Why is this something that you’re reading on TechCrunch? Because I firmly believe that the tech industry is not just at the forefront of technology, but it will determine the future of everything, from healthcare to environmental awareness to social norms.
It is inaccurate to call this community further evolved. Like any community, we are comprised of many different people. Some set incredible examples while others behave badly.
However, I choose to hold myself and my peers in the tech world to a higher standard. We are a community that has undoubtedly accelerated the progress of the gay rights movement, and I refuse to let this founder’s words slip by as a casual mistake.
This founder was hooked up to a mic, with a camera pointed at him (though not recording) as he said these words. He was preparing to do an interview and was on the record.
This isn’t the first time we’ve seen an executive say something they definitely shouldn’t have in front of the press. Just this week Uber exec Emil Michael mentioned at a dinner that Uber might investigate journalists who have been covering the transportation startup, a statement that Uber quickly apologized for.
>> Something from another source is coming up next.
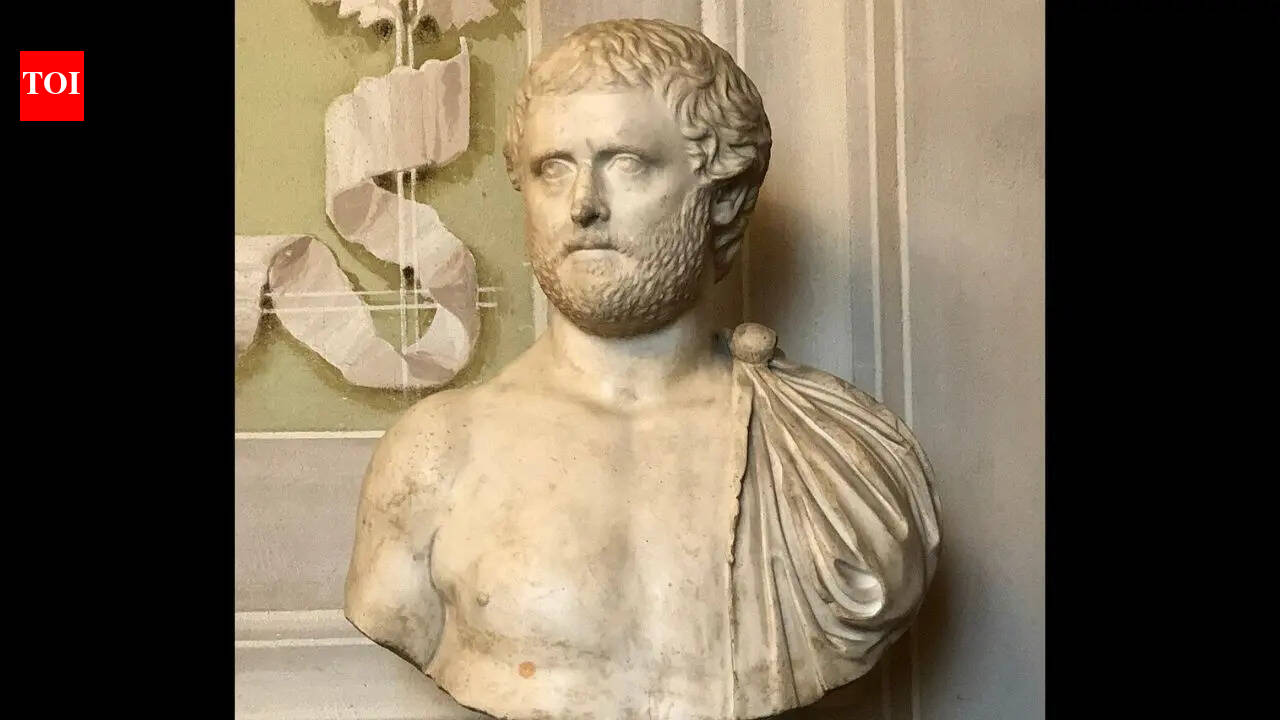 Quote of the day by Roman poet Ovid: “I am the poet of the poor, because I was poor when I loved; since I could not give gifts, I gave words.”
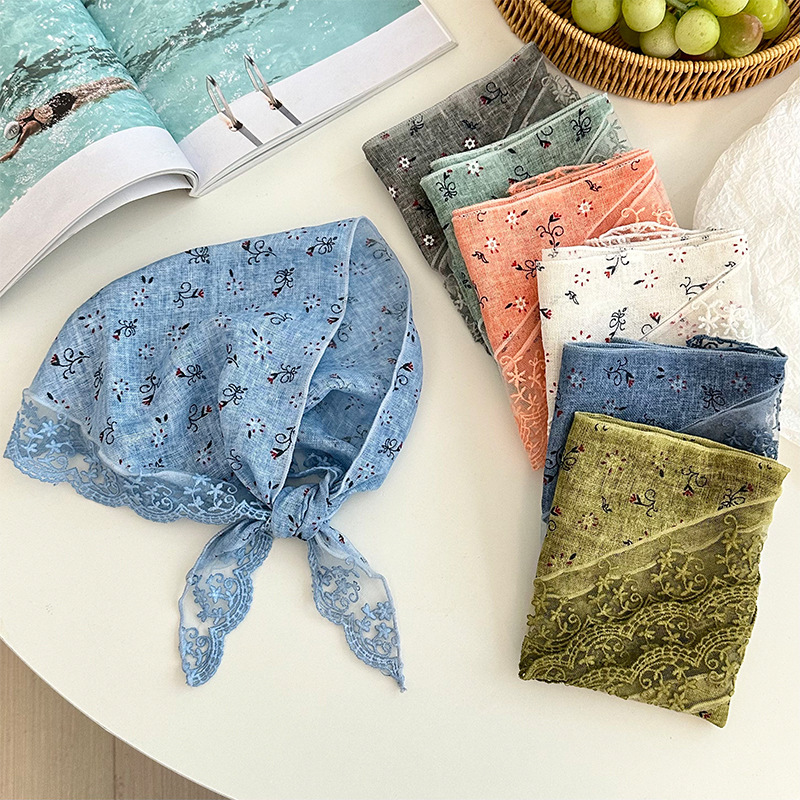 Bufanda de seda Bufanda triangular con borde de encaje Bufanda de mujer Pequeño estilo pastoral fresco bolso floral decorativo pañuelo para el cabello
In order for us to be true pioneers for the future, we have to set a leading example today. I have no idea what this man feels in his heart towards the gay community. But he’s the leader of a company that hires people. He is someone that other people look up to. And he was talking to press.
It’s not enough to say “there’s nothing wrong with being gay” in a hurried attempt to make up for the fact that he had just insulted all gay people by saying that a photo is inherently unsharable… because he looked gay in it? What does that even mean?
The word “gay” is a label for people interested in romantic endeavors with members of the same sex. I aim to stay away from as many labels as possible, simply because I find them restrictive to my own personality. However, I call myself gay and am proud to because I want to make sure that Jordan counts as a vote as we work towards greater equality as a community.
But as we’ve learned from Tim Cook, and Jason Goldberg, and Peter Thiel, and Kara Swisher, and Sara Sperling, and Nick Denton, and Owen Thomas, and Keith Rabois, and Joel Simkhai, and Megan Smith (and the list could go on and on)… not all gay people are made the same way. Being gay is a small part of a person’s identity, and while it shouldn’t be a piece that excludes someone from basic inalienable rights, it also shouldn’t be a definition for who a person is.
And it certainly shouldn’t be a definition for “I look bad in this picture.”
Editorial Note: An earlier version of this article used the word “lame”, which was insensitive, as the commenters have pointed out. We apologize to anyone this may have offended.